1683 yılında Viyana önlerine gelen Merzifonlu Kara Mustafa Paşa, şehri alacağından o kadar emindi ki, Viyana'yı aldıktan sonra şehirde yapacağı geçit törenini planlıyordu. Bu nedenle, bu büyük merasimde kullanılacak eşyaları Topkapı Sarayı'ndan çıkarttırmış ve yanına almıştı. Müttefik ordusunun başına Polonya Kralı Jean Sobiesky'nin geçmesiyle, Merzifonlu Kara Mustafa Paşa'nın bütün hayalleri yıkılmış oldu. Bunun üzerine herşeyini Viyana surlarının önünde bırakan Kara Mustafa Paşa, askerleriyle beraber Belgrad'a doğru çekildi. Geride kalan ne varsa Viyana'yı kurtaran Polonya Kralı Sobiesky'nin oldu. (bugün Topkapı'da bile bulunmayan bazı parçalar Polonya müzelerinde sergilenmektedir.)
Bu sırada ilginç bir olay yaşandı :
Hazinelerin yanında çuvallar dolusu çekilmemiş kahve bulunmaktaydı. Kahve çekirdeklerini gören Avusturyalılar, gördükleri çekirdekleri başka bir şey zannederek, "Türkler meğerse keçi pisliği yerlermiş" dediler ve kahve çekirdeklerini imha etmeye çalıştırlar.

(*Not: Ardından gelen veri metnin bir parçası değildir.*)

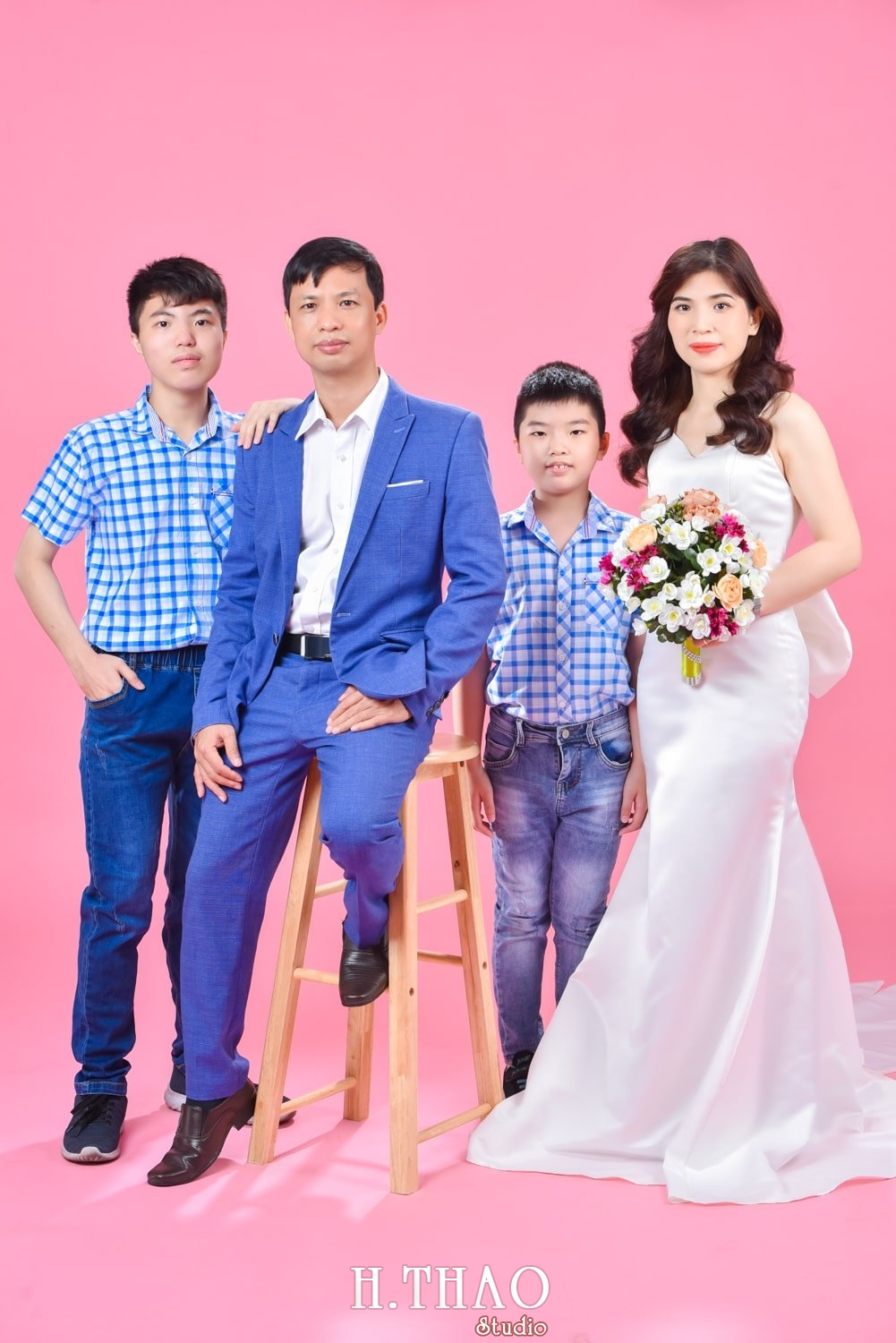 Anh gia dinh 4 nguoi 14 min - Chụp ảnh kỷ niệm 15 năm ngày cưới gia đình chị Tho- HThao Studio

Daha önce Osmanlı topraklarında yaşamış bir Viyanalı'nın kahve çekirdeklerini farketmesi ve Avusturyalılara tanelerin ne işe yaradığını anlatması sonucunda Avrupalılar kahveyle tanışmış oldular.

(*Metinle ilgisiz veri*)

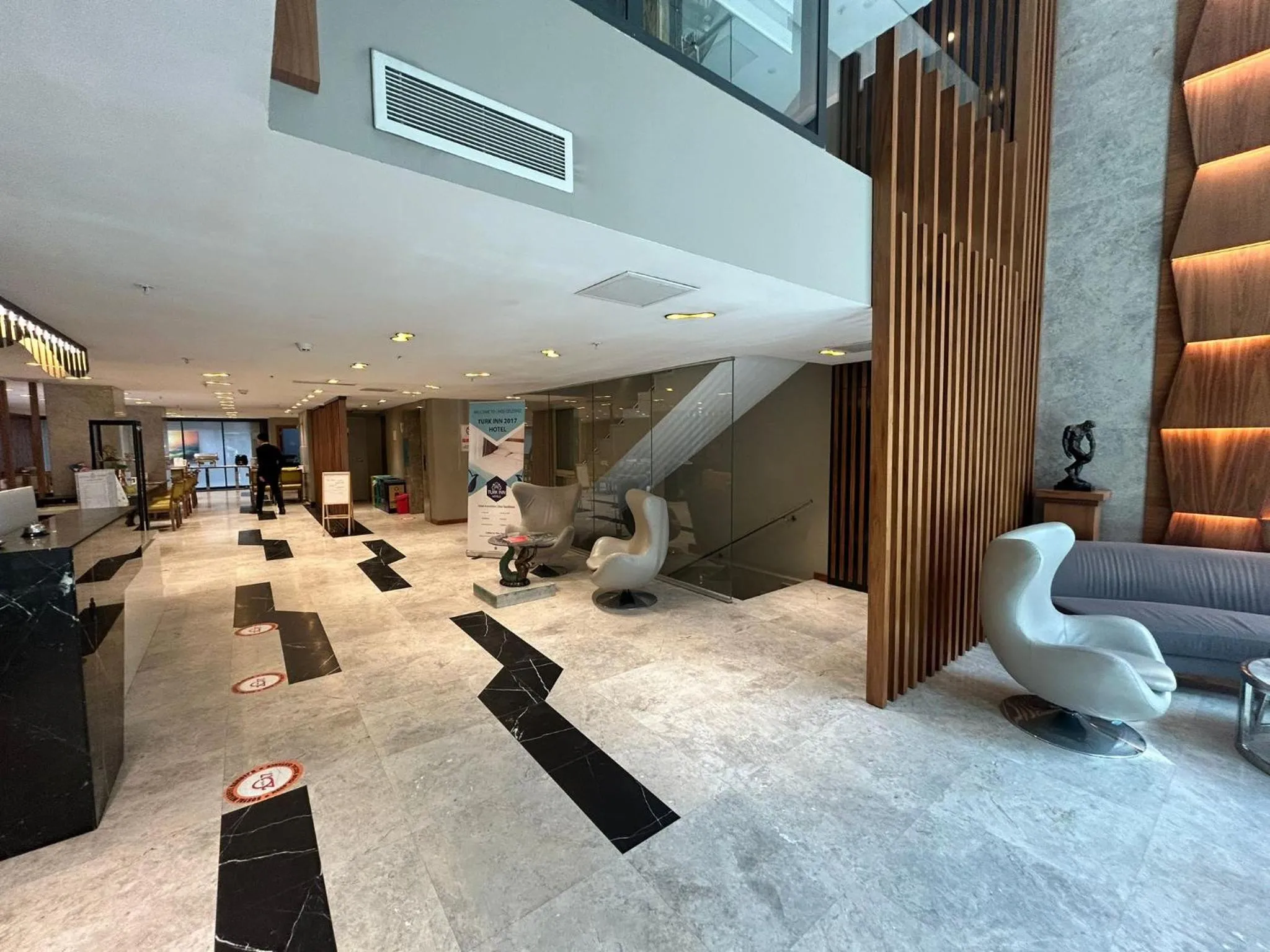 Lobby or reception in Reikartz 2017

Kahvenin göç haritasına bakıldığında, her uğradığı yerde bir medeniyet ve gelişmişlik sıçramasına yol açtığı söylenebilir. Sanki uyuyan halkların uyanmasına yol açmış gibi.
avrupa avusturya dan ibaret olmadığından dolayı yanlış olan önermedir. ingiltere de bir asır önce kahve içilmekteydi. papa viii. clement in 17.yy başlarında kahveyle ilgili emirlerini saymıyorum.
avrupalıların kahveyle tanışması için genelde halep ten mal alan ingiliz tacirler aracı kabul edilir. benim kanaatime göre memlükler döneminde yahudilerin aracı olmaları daha muhtemel.